Monday, June 14, 2021

Technical Debt is...

 Every time you ignore an error message and say "I'll worry about that if I see it again", you've added technical debt.

Every time you don't check a function's error return and say "We'll add that after it's all working", you've added technical debt.

Every time a function doesn't work, and you just add a comment that says "This doesn't work" instead of investigating why, you've added technical debt.

Every time you fail to test a function at all, and don't check if it's actually working, you've added technical debt.

Saw all of this tonight... ;)

A lot of people think that technical debt is a function of long term code, of systems that have become weighted down with hacks and patches. Some people think it's a deliberate choice, and therefore you can come back around and clean it up easily enough.

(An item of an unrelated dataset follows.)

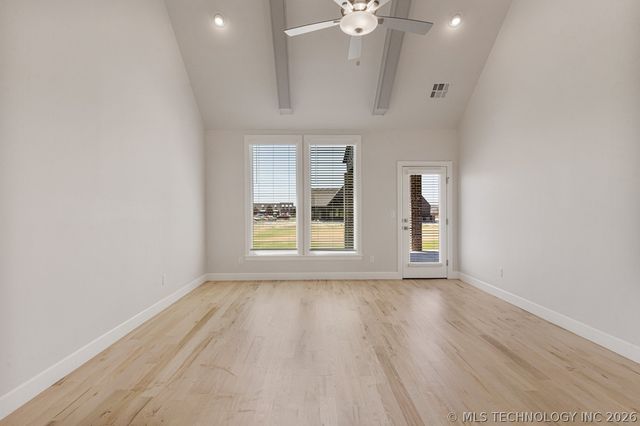 16412 S 1st East Court, Glenpool, OK 74033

But you can't. It's all lost. You've no idea when that error will pop up again, but it will probably be in front of a customer when you think everything's working. The system will malfunction on Thursdays but you completely forgot that the main interface library that you used had an error return "FAIL_ITS_THURSDAY" that you didn't add a handler for -- now you have to launch a full debug process to find what's wrong (and since you didn't start troubleshooting till Friday, it'll take you a week.) You can't figure out why the system isn't processing fractals because you forgot that the fractal generate function has a tiny little comment that says "// This doesn't work, come back to it later (mb)" - hope you can find it!

Technical debt costs twice what you paid to put it into the system in the first place. And worse, it's often passed on to someone who wasn't there for the original design, so they've never heard of the library that hates Thursdays, only ones that hate Mondays. They'll need three times as long to find the issue. The customer doesn't care that you meant to come back to investigate that error code, they only care that it didn't work. And everyone at E3 was waiting to see your cool new fractal generator, not a grey box that pulses slightly.

Why would you want to deliberately pay all that? Most of the time, the developer of these debts could have fixed them in minutes. Pay the minutes, don't get so caught up in the excitement that you pay the debts later.

Wednesday, May 26, 2021

You're Doing It Wrong - AI

 AI will definitely destroy society. But not the way you think.

Disclaimer: I'm not a machine learning expert, and I know some will disagree strongly. Get your own blog, ya smarmy bastard. ;)

AI, or more correctly in most cases Machine Learning, is increasingly being used in difficult, abstract problems to give us a yes/no answer to questions even an expert would have trouble with.

There are also, as a result, countless stories of how AFTER training, it was discovered that these machines were skewed. They examined irrelevant details to come up with the answer, or they revealed biases in the dataset (which, honestly, people should have seen long before even starting.)

So machine learning, to give a very simple and mostly wrong description, is the act of wiring up a set of inputs (say, pixels of an image) to a set of outputs (say, "cat", "dog", "martian", "amoeba") through a chain of configurable evaluators. These evaluators, which are not called that by anyone with training in the field, are analogous to neurons in your brain.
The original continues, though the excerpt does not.